A nacionalização do BPN deixou Louçã histérico de felicidade. Descia do céu a indesmentível prova da aliança do PS à banca, ao grande capital, às manigâncias e crimes nos offshores. Era o ingrediente que faltava na caldeirada que misturava desempregados, professores e revoltados de todas as causas e proveniências. A cada um deles, Louçã repetiu à exaustão a má nova: Vês, a ti o Governo não dá nada, e ainda quer tirar o pouco que tens, mas aos ricos Sócrates dá milhões e milhões do Estado só para salvar as suas fortunas.

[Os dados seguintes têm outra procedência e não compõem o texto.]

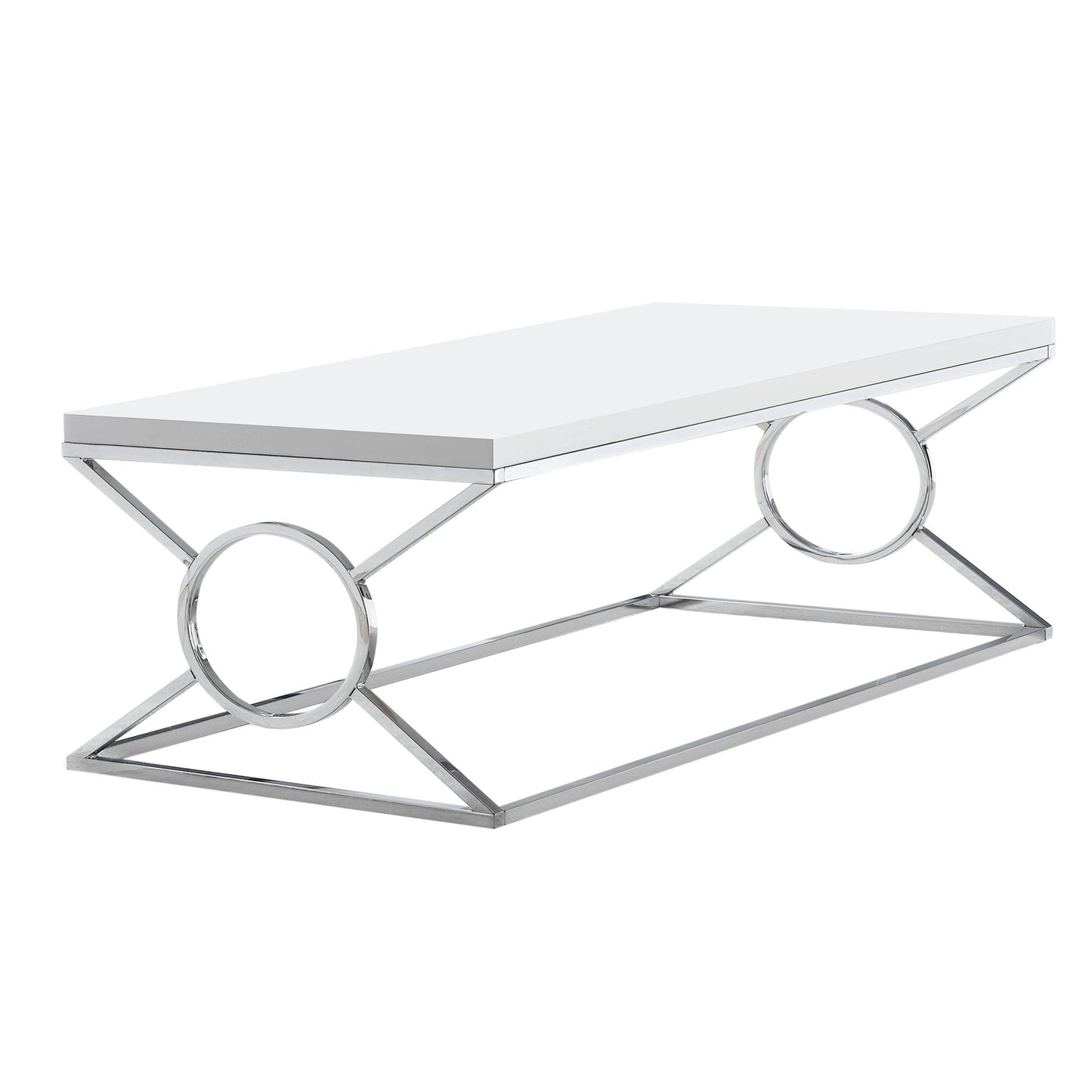 HomeRoots 22" x 44" x 18.5" White Metal Coffee Table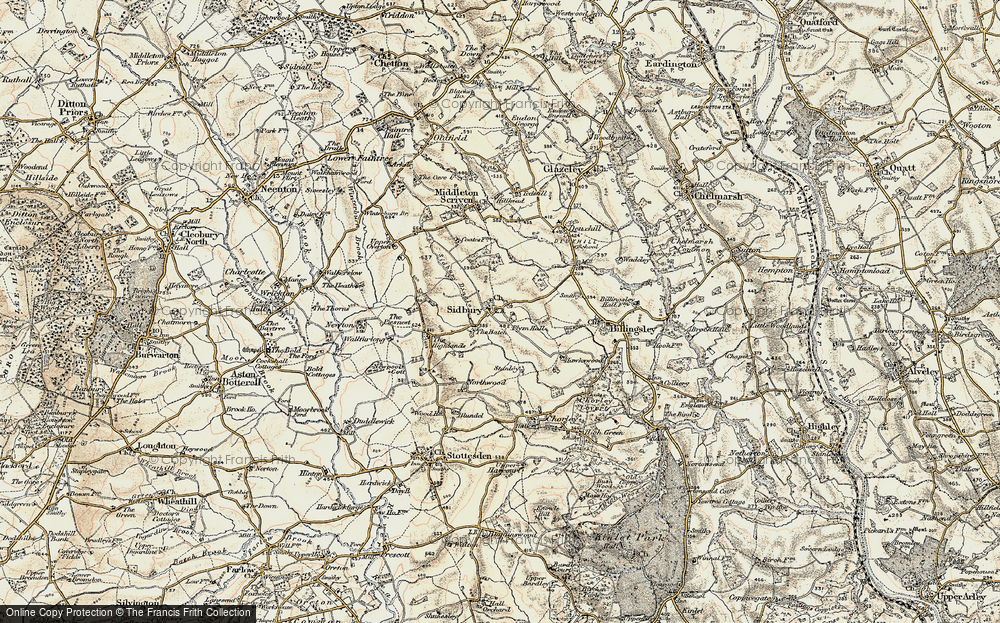 Old Map of Sidbury, 1901-1902 in 1901-1902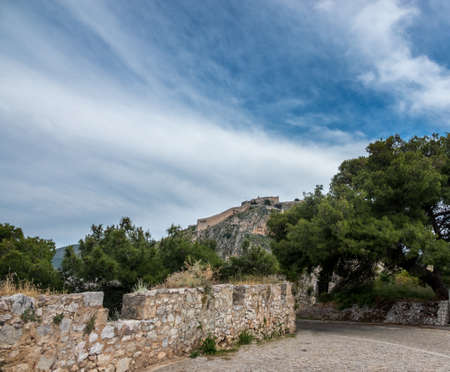 Hilltop fortress of Palamidi above the city of Nafplio in Greeceの写真素材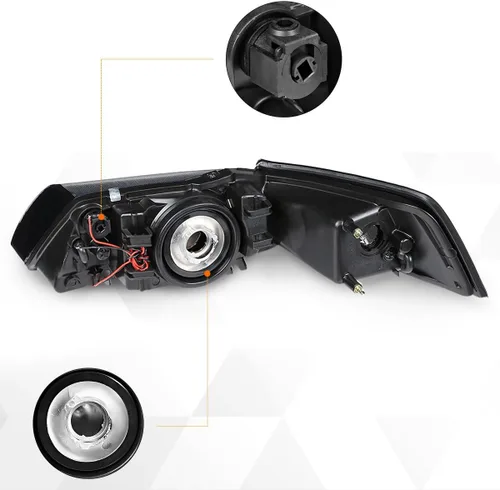 Vista 4 de PM PERFORMOTOR Faros delanteros de proyector de luz LED en forma de L de esquina ámbar de carcasa cromada compatibles con 99-04 Mustang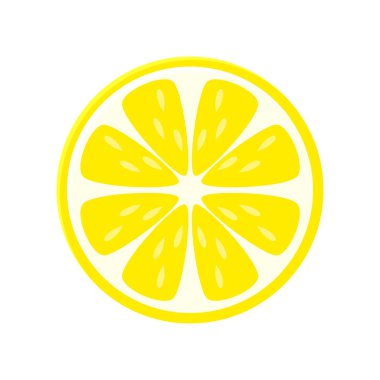 Beyaz backgro izole sarı limon dilimi vektör çizim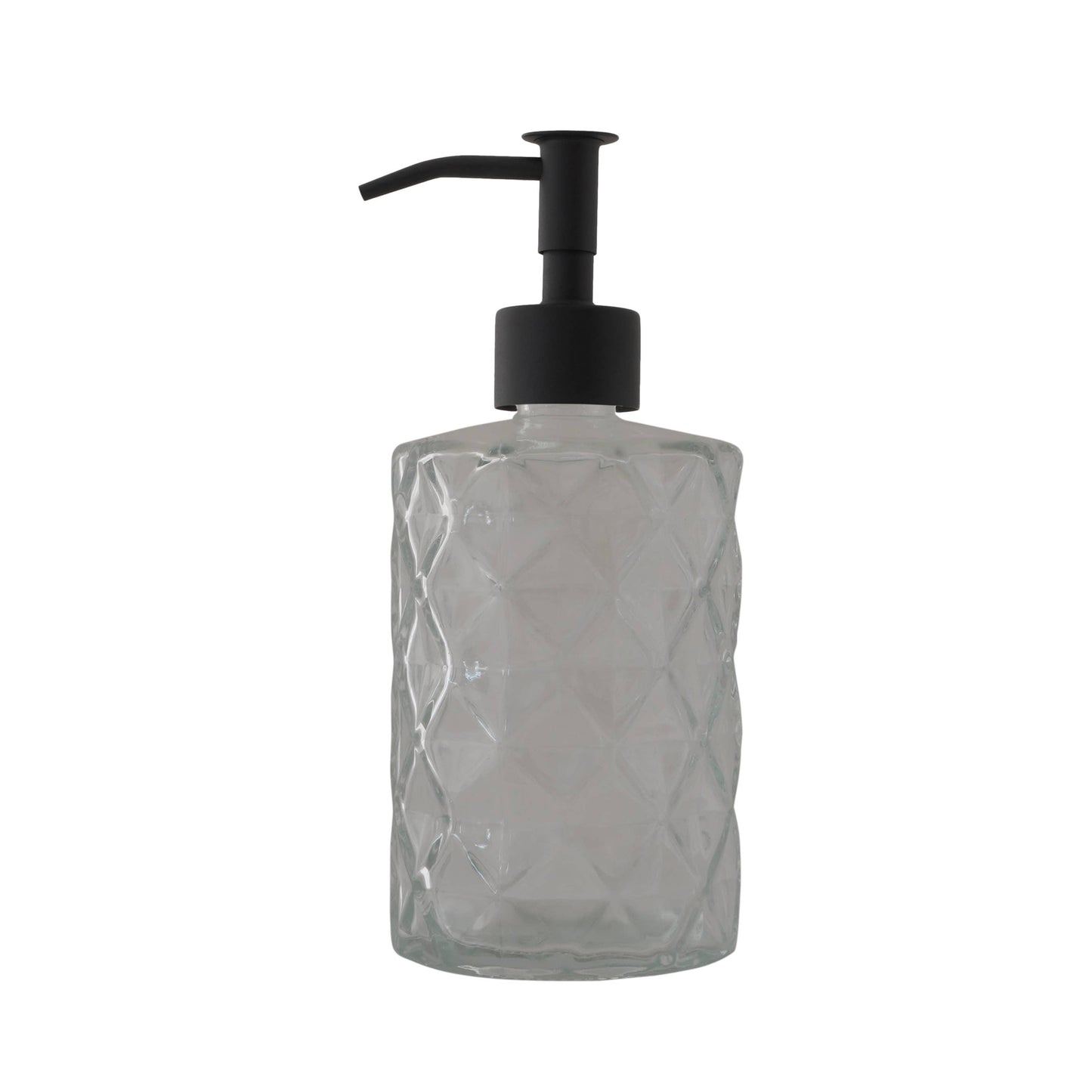 Slim Pump Diamond Pattern Glass Liquid Soap Dispenser: Matte Black / Oil Rubbed Bronze - Jo’s Vintage Werks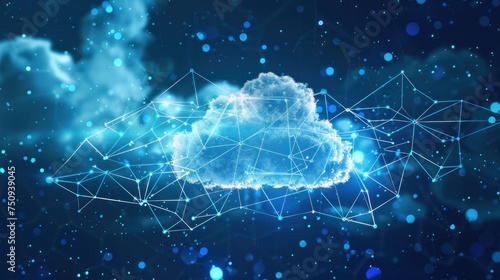 The image depicts cloud and edge computing with cybersecurity. It shows a large cloud icon above a central white cloud against a polygon connection code backdrop on a dark blue background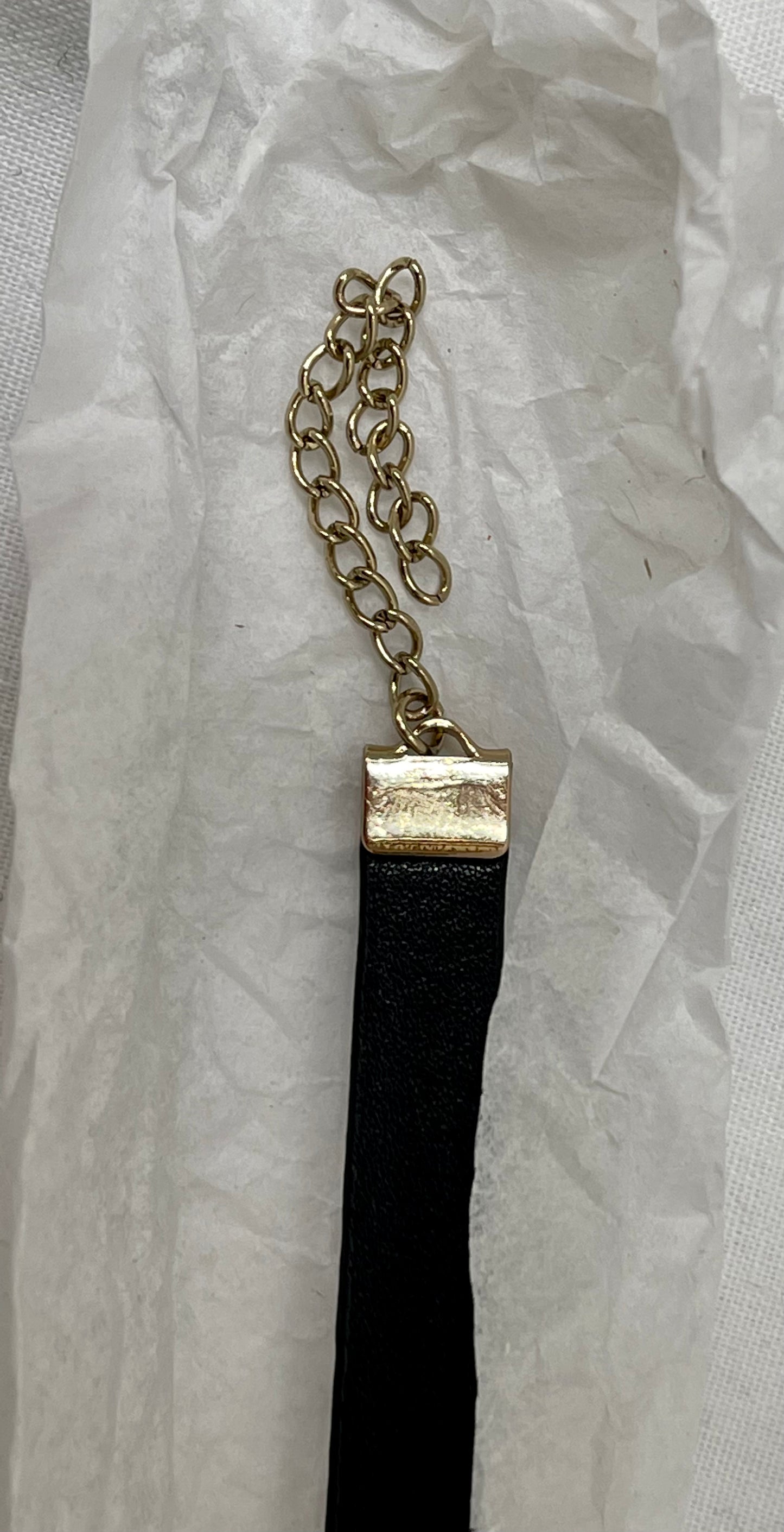 Black Leather Gold Charms  Yves Saint Laurent Parfums Bracelet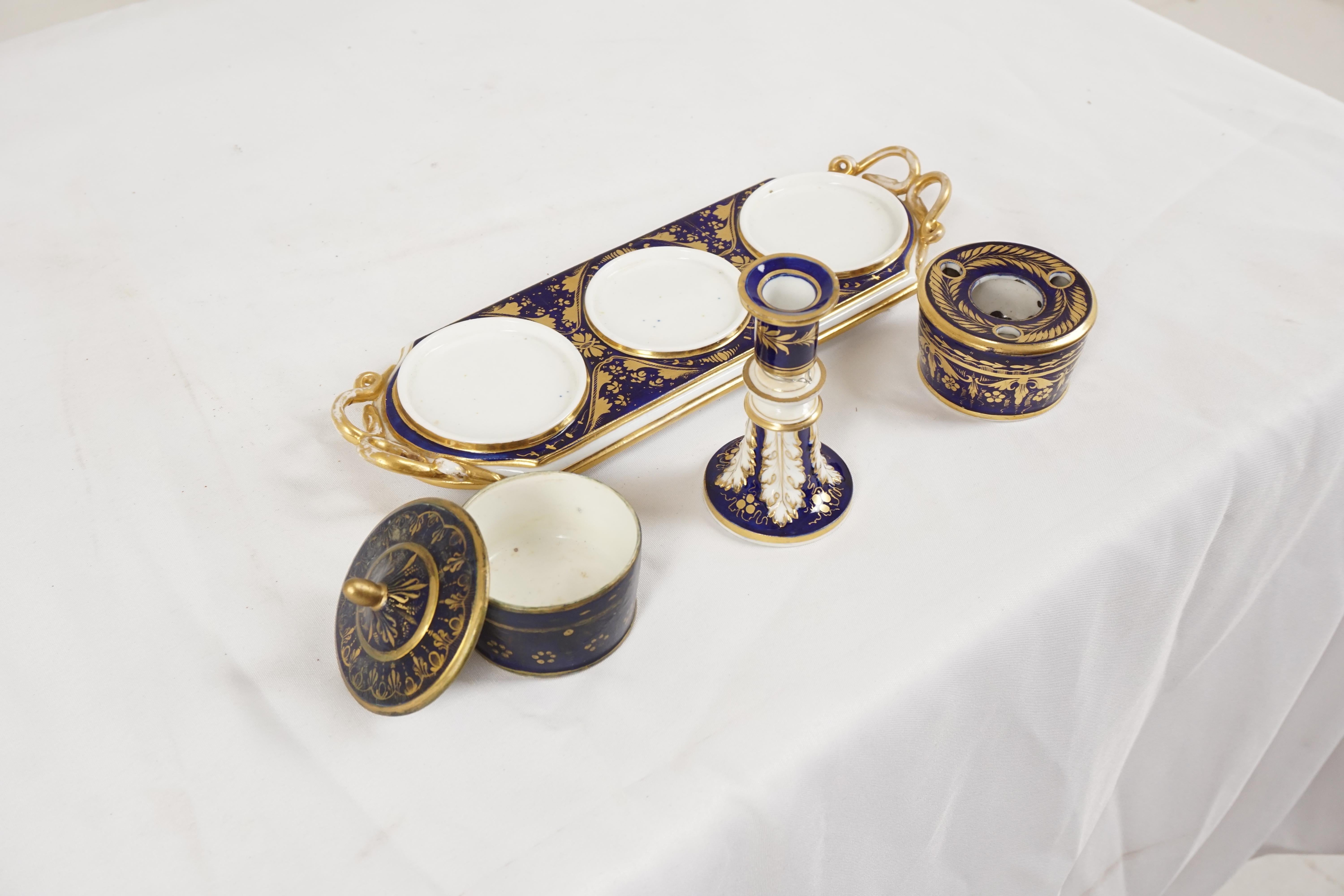 Antique English Derby Porcelain Ink Stand Dish on Tray, England 1870 ...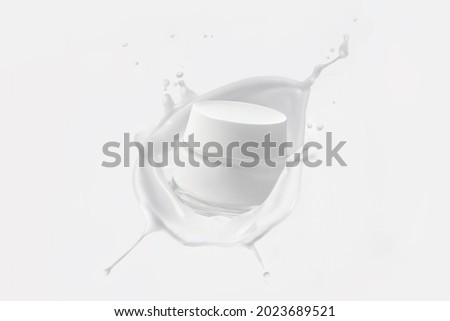 A jar of skin cream in a white milk splash. Splash of cream on a white background. Milk splash. White on white. Concept. High quality photo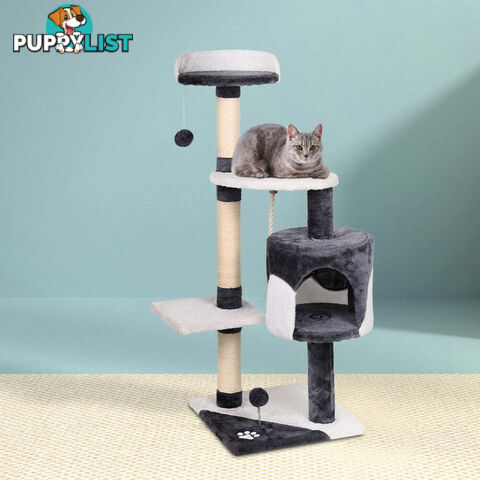 i.Pet Cat Tree 112cm Tower Scratching Post Scratcher Wood Condo House Furniture - PET-CAT-14711-GR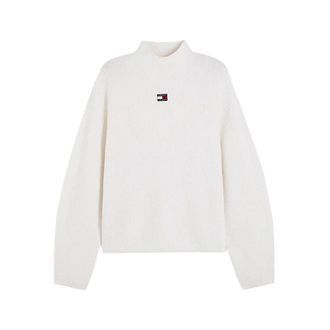 Tommy Jeans Badge Mockneck Sweater - Dames - Truien - Wit - Maat: M Wol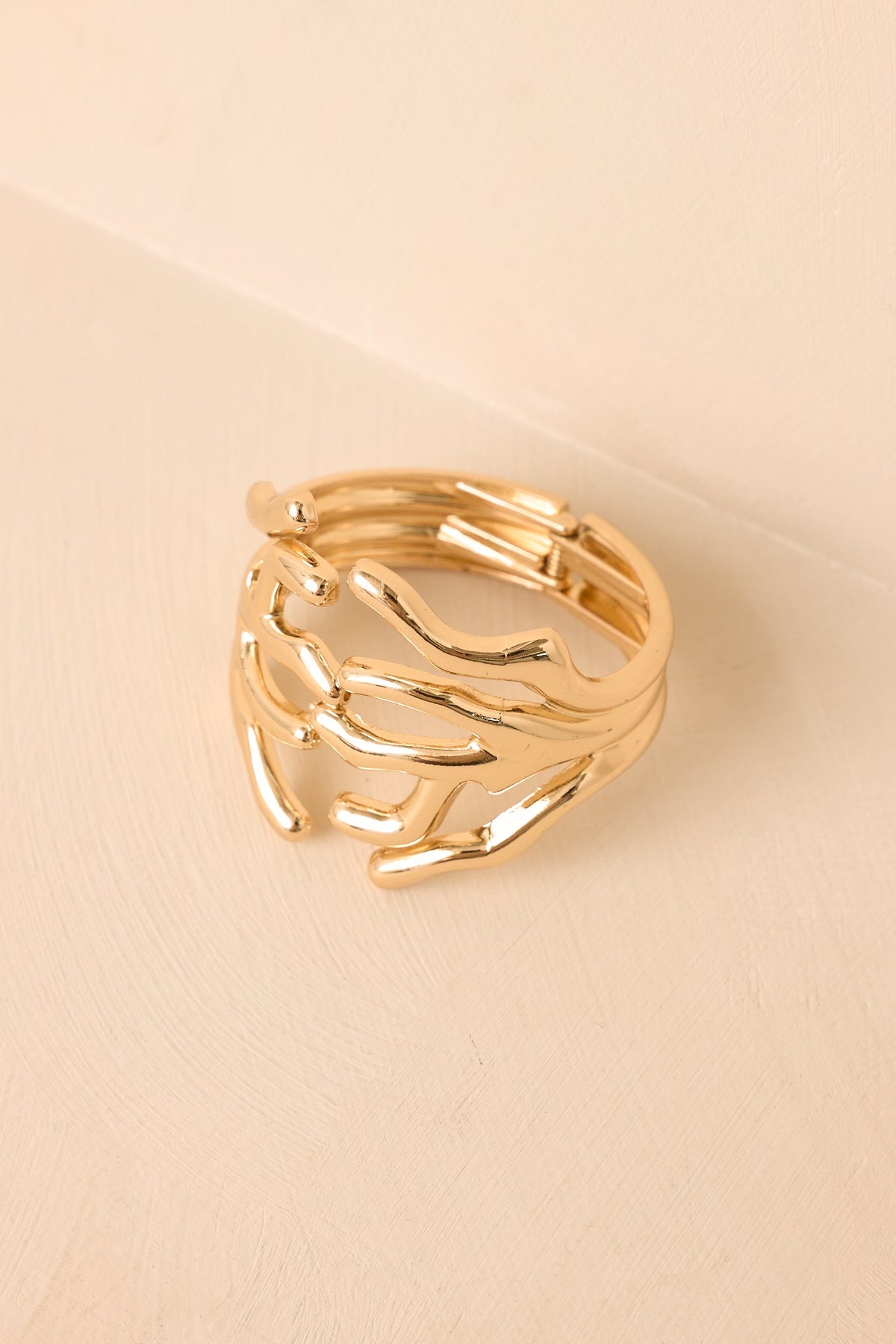 Riviera Reef Gold Sculptural Hinged Cuff Bracelet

O modo febril como Louçã expelia o seu populismo justificava-se como técnica demagógica, mas também à luz de uma desvairada fantasia que o tomou de assalto graças à decadência social-democrata e poesia Alegre, aquela em que se via a ficar à frente do PSD, ou até do PS, nas Legislativas. Por isso, de cada vez que saía mais uma notícia relativa ao BPN ele salivava e esfregava as manápulas. Esta postura lesiva da racionalidade do debate político já era grave, mas muito pior ficou quando o PSD e CDS começaram a imitar a esquerda imbecil repetindo que o Estado estava a meter dinheiro a fundo perdido no banco nascido no, e do, cavaquismo. Aquela instituição bancária – ligada à direita tanto pelos dirigentes como pelo tecido sociológico dos clientes – era agora chutada por essa mesma direita para o centro da luta partidária. Valia tudo para estes ranhosos, até sugerir que o Governo devia ter deixado falir o banco que tanto dinheiro lhes deu a ganhar e que sabiam ter importância económica relevante para o sistema.

Teixeira dos Santos explicou fora e dentro do Parlamento, desde a nacionalização, que nem 1 cêntimo tinha sido ainda perdido pelo Estado com o BPN. A oposição riu-se e continuou a envenenar a opinião pública. Havia eleições, havia a irresponsabilidade, havia o ódio. Havia milhares de milhões de euros e de razões para atacar Portugal.

Mas o que escrevi foi apenas o modo barroco de sugerir este texto do João Pinto e Castro.

One thought on “Clichés da pulhice”

  1. As cadelas aflitas têm os filhos cegos.

    As contas fazem-se no fim, por enquanto tudo é retórica, é retórica a de Teixeira do Santos e a de Louça, a tua é parvoíce. Vais atrás do isco, tal qual uma carpa tonta! Nunca mais consegues ser uma truta perspicaz. O que procuras rapaz? A agência de comunicação não está a pagar o suficiente?